[The data]:
*** Block opens ***

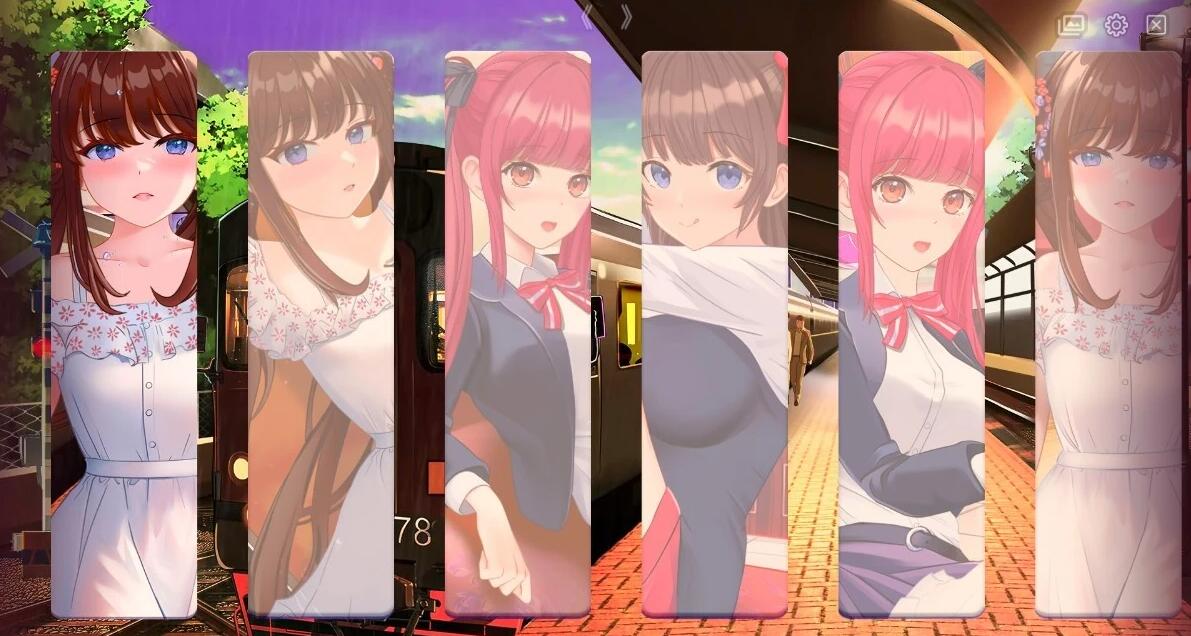 【PC/2D/Live2D/SLG/中文】双脚天堂 V1.0 STEAM官方中文步兵作弊版【430M】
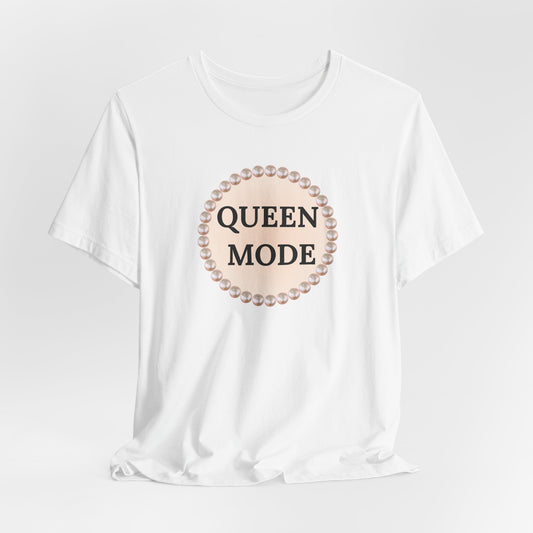 Queen Mode Jersey Tee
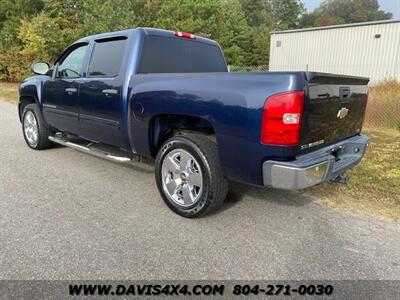 2009 Chevrolet Silverado 1500 LT Crew Cab Short Bed Pickup   - Photo 6 - North Chesterfield, VA 23237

*** Block closes ***

[What to produce]:
Set down the line containing "Queen Mode Jersey Tee" and every line after it up to the end of the material, exactly as written, but not the pictures.

[Answer box]:
 Queen Mode Jersey Tee
 2009 Chevrolet Silverado 1500 LT Crew Cab Short Bed Pickup   - Photo 6 - North Chesterfield, VA 23237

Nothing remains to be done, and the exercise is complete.